Compte tenu de l'environnement rude où il a grandi, sa nature rude et tordue paraît presque inévitable.

Un endroit où des maris saouls battent leurs femmes, des prostituées arpentent les rues, et les ordures et les gaz d'échappement emplissent l'air — la violence, la fraude, la trahison et le vol y sont monnaie courante.

En fait, le quartier où Carlo a grandi affichait un taux de criminalité extrêmement élevé de ce genre.

On dit que Carlo y vivait avec sa seule mère.

« D'une certaine façon, c'est impressionnant. »

D'un tel lieu, il était né avec un talent naturel classé parmi les tout meilleurs, même à Seorn, où ne se rassemblent que des élèves d'exception.

Un lotus éclos dans la boue.

Mais comme une rose, de rudes épines poussent le long de sa tige.

Comme s'il ne permettrait jamais à personne d'essayer de le briser.

Ludger appela immédiatement l'élève suivant.

« Elmarra Foarle. »

« Yeees~. »

Une voix légèrement traînante, molle. On ne savait si c'était par fatigue ou par ennui.

Même ainsi, les élèves alentours la regardèrent comme si le simple fait de répondre à l'appel était remarquable.

Seule cette réaction montrait à quel point elle était indifférente à tout ce qui l'entourait.

« Elmarra Foarle. Une elfe. »

Pas du Royaume des Elfes, mais de l'une des petites tribus séparées.

La plupart des elfes manifestent un talent exceptionnel dans les arts des esprits ou les capacités druidiques, mais Elmarra est différente.

Elle possède avant tout un talent magique extraordinaire.
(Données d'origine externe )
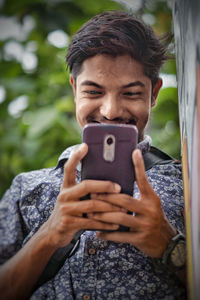 Low angle view of man using phone while standing outdoors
Surtout, quand Ludger dispersa son mana, elle réagit plus violemment et plus sensiblement que n'importe quel autre élève.

« Pour le dire simplement, ses instincts sont effroyablement affûtés. »

D'après son entourage, Elmarra est décontractée, facile à vivre, et même paresseuse.

On dit qu'elle ne répondrait pas quel que soit celui qui l'appelle, et qu'elle dort tout le temps comme si elle vivait dans son propre monde.

Avec la beauté et l'atmosphère caractéristiques des elfes, cela crée une scène pittoresque.

Mais contrairement à un tableau qu'on pourrait toucher du doigt, elle est comme une illusion qu'on ne peut jamais saisir.

C'est pourquoi, dans les évaluations écrites par les autres, elle est décrite comme une enfant qui ne bougerait pas même si le ciel s'effondrait.

Mais aux yeux de Ludger, Elmarra n'est pas paresseuse du tout.

Au contraire, c'est quelqu'un qui observe tout avec une attention excessive — et qui, pour cette raison, agit promptement quand cela compte vraiment.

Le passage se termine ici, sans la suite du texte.